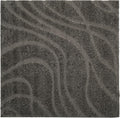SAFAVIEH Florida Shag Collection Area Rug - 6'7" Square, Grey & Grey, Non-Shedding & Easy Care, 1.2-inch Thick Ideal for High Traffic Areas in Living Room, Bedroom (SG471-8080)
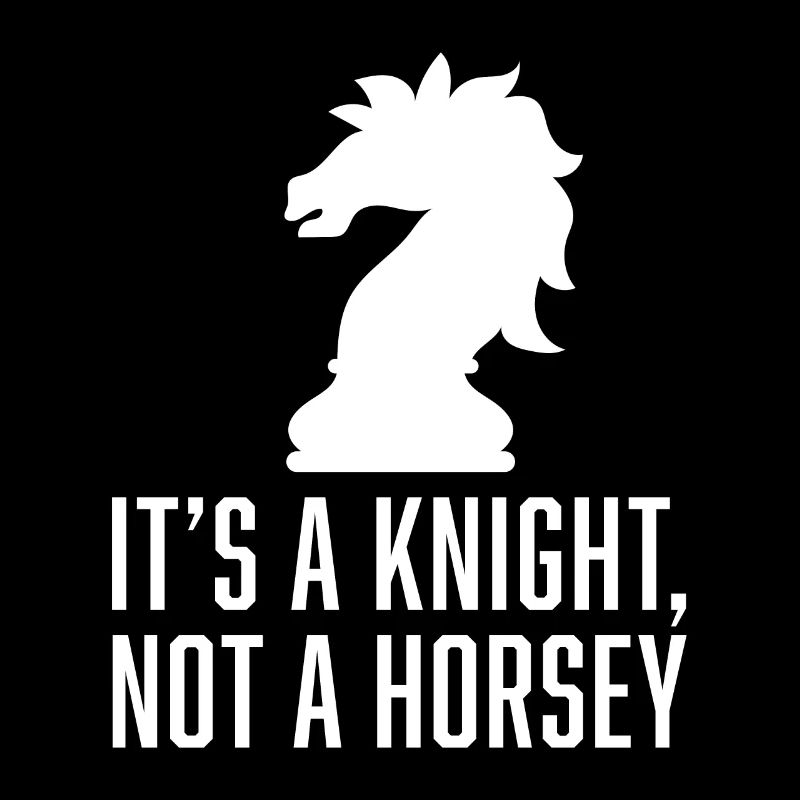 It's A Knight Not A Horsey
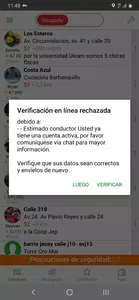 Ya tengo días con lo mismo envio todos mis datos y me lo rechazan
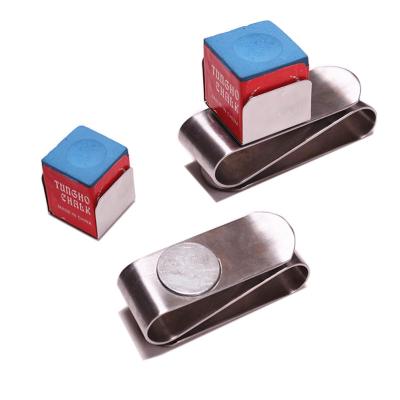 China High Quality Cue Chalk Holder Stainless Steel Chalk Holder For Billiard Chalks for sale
--
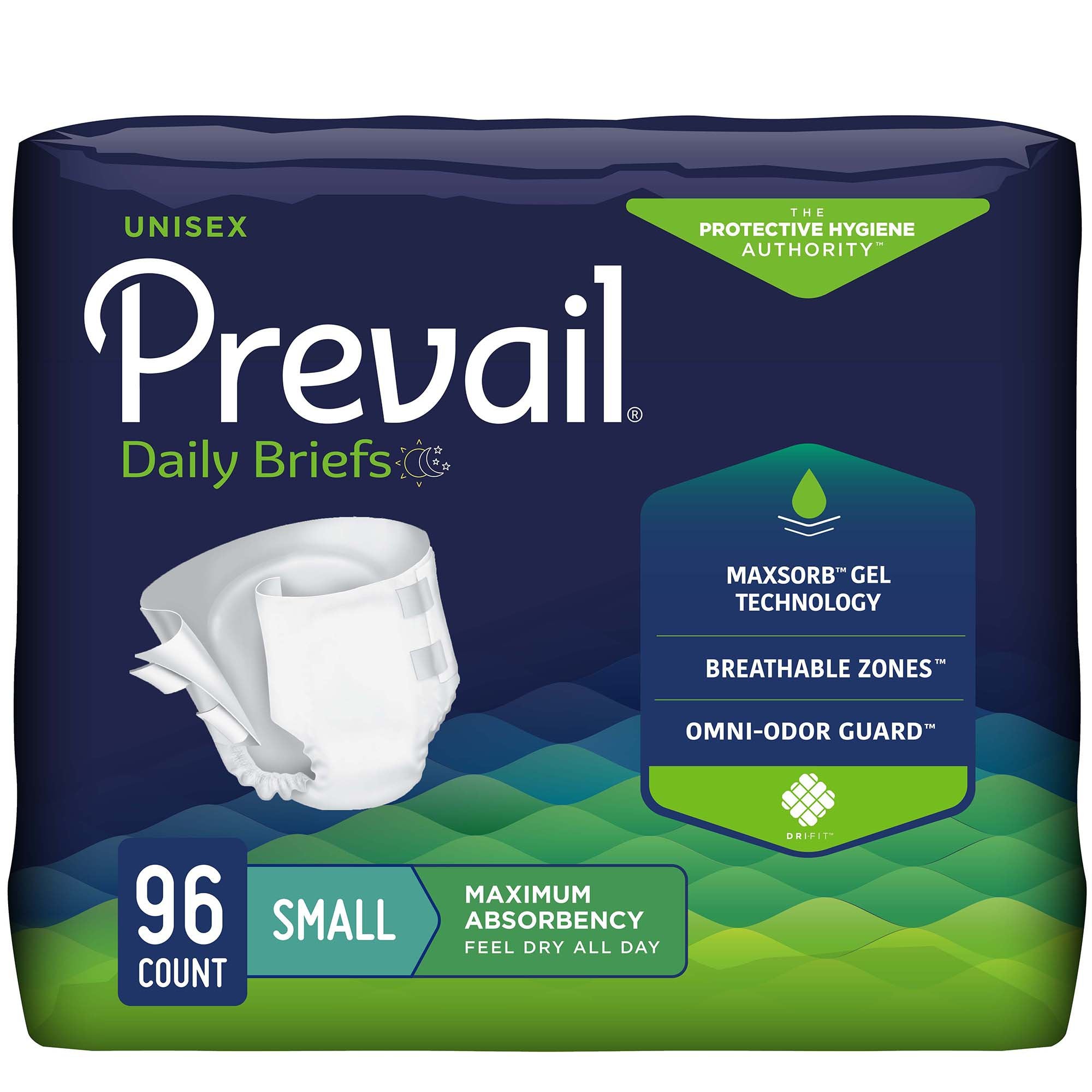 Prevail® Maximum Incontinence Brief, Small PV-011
---
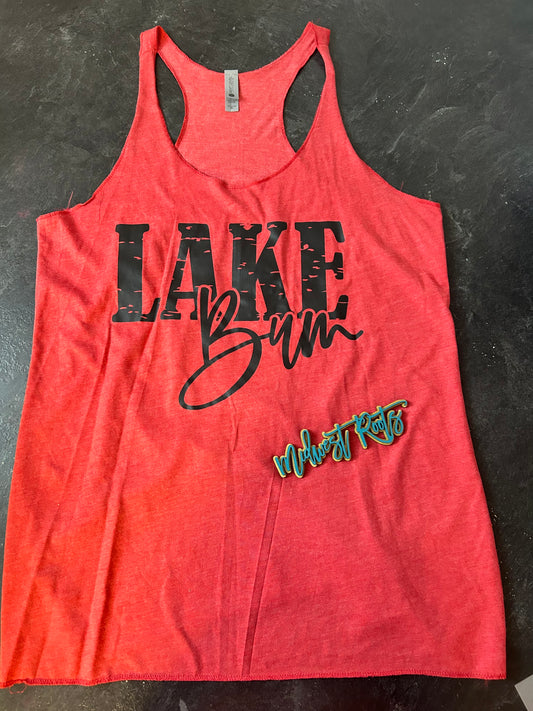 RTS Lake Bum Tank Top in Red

== YOUR GOAL ==
Look through the listing above for the line with "It's A Knight Not A Horsey" and the line with "China High Quality". Write out exactly those lines and everything between, leaving out pictures.

== ANSWER SPACE ==
 It's A Knight Not A Horsey
 Ya tengo días con lo mismo envio todos mis datos y me lo rechazan
 China High Quality Cue Chalk Holder Stainless Steel Chalk Holder For Billiard Chalks for sale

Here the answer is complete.